Understanding the uncertainty involved in a loss estimate is always important in the financial sector. However, quantifying the uncertainty is often limited by data availability. For example, we generally use all our data to construct an exceedance probability (EP) curve of losses. To put error bars on the EP curve, we either need to know or assume the distribution of the losses (e.g., a normal distribution), or we need to have several similar data sets for the estimation. If neither is available, how do we estimate the upper and lower bounds of each loss value on the EP curve?

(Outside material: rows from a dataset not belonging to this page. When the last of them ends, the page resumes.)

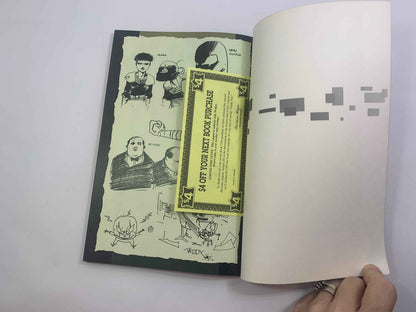 Matt Wagner’s Grendel Tales, Four Devils, One Hell, 1994 Dark Horse Comics, Grendel Tales Graphic Novel, Graphic Novel, Comic Book, Grendel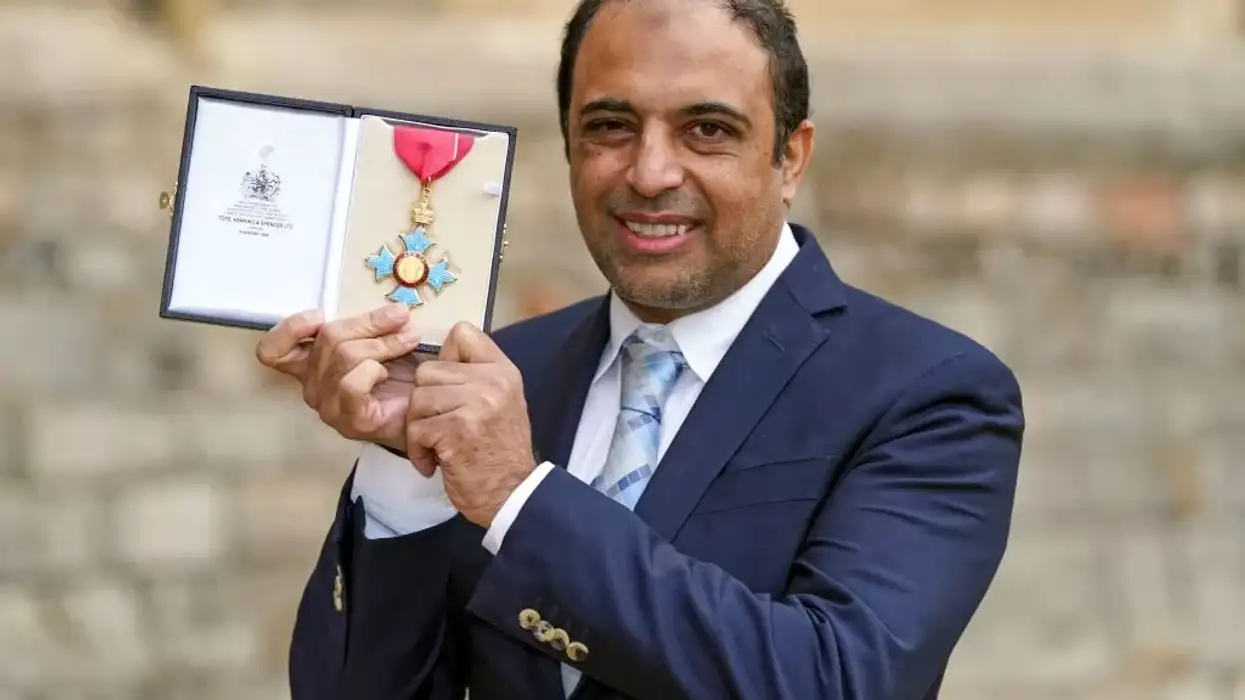 Zuber Issa plans £600m acquisition of petrol station rival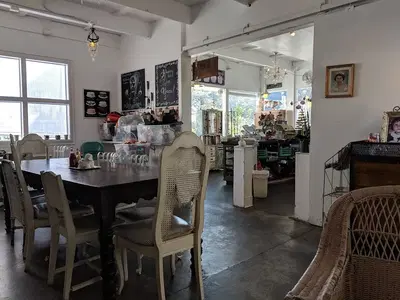 Mary Lane Cafe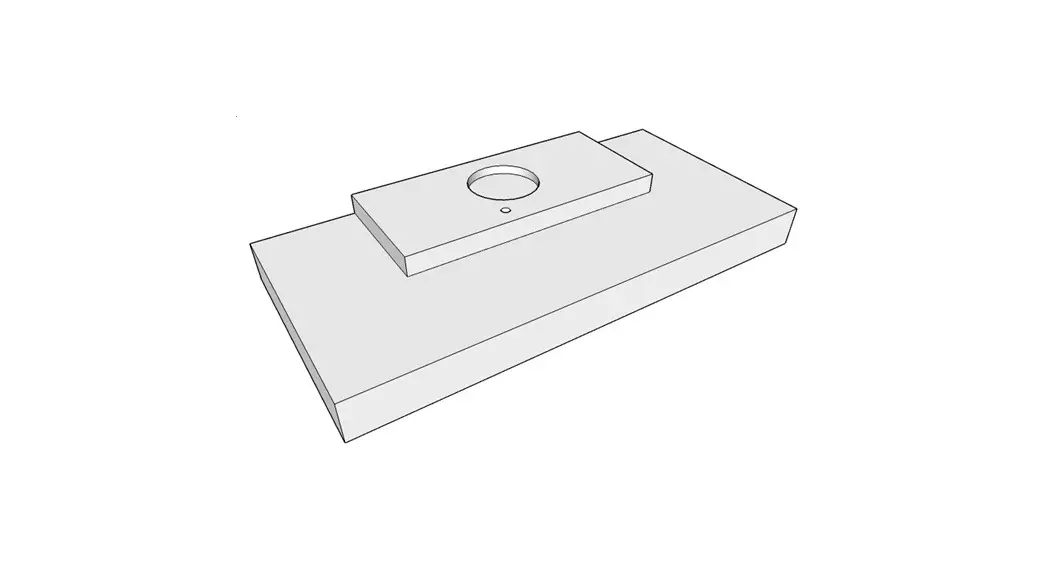 Imperial C2048b8 48 Inch Stainless Steel Ducted Under Cabinet Instruction Manual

Bootstrapping comes in handy for estimating the uncertainty bounds with just one data set. This is called one sample estimation in statistical terminology. To illustrate the technique let’s take a look at how we prepared a table for the Florida Commission on Hurricane Loss Projection Methodology when the AIR Hurricane Model for the U.S. was submitted for approval earlier this year. AIR was required to provide the uncertainties of the personal and commercial residential probable maximum loss for various return periods. Table 1 displays the figures taken directly from the submission.
Table 1. Personal and Commercial Residential Probable Maximum Loss for Florida (Annual Aggregate). (Source: AIR)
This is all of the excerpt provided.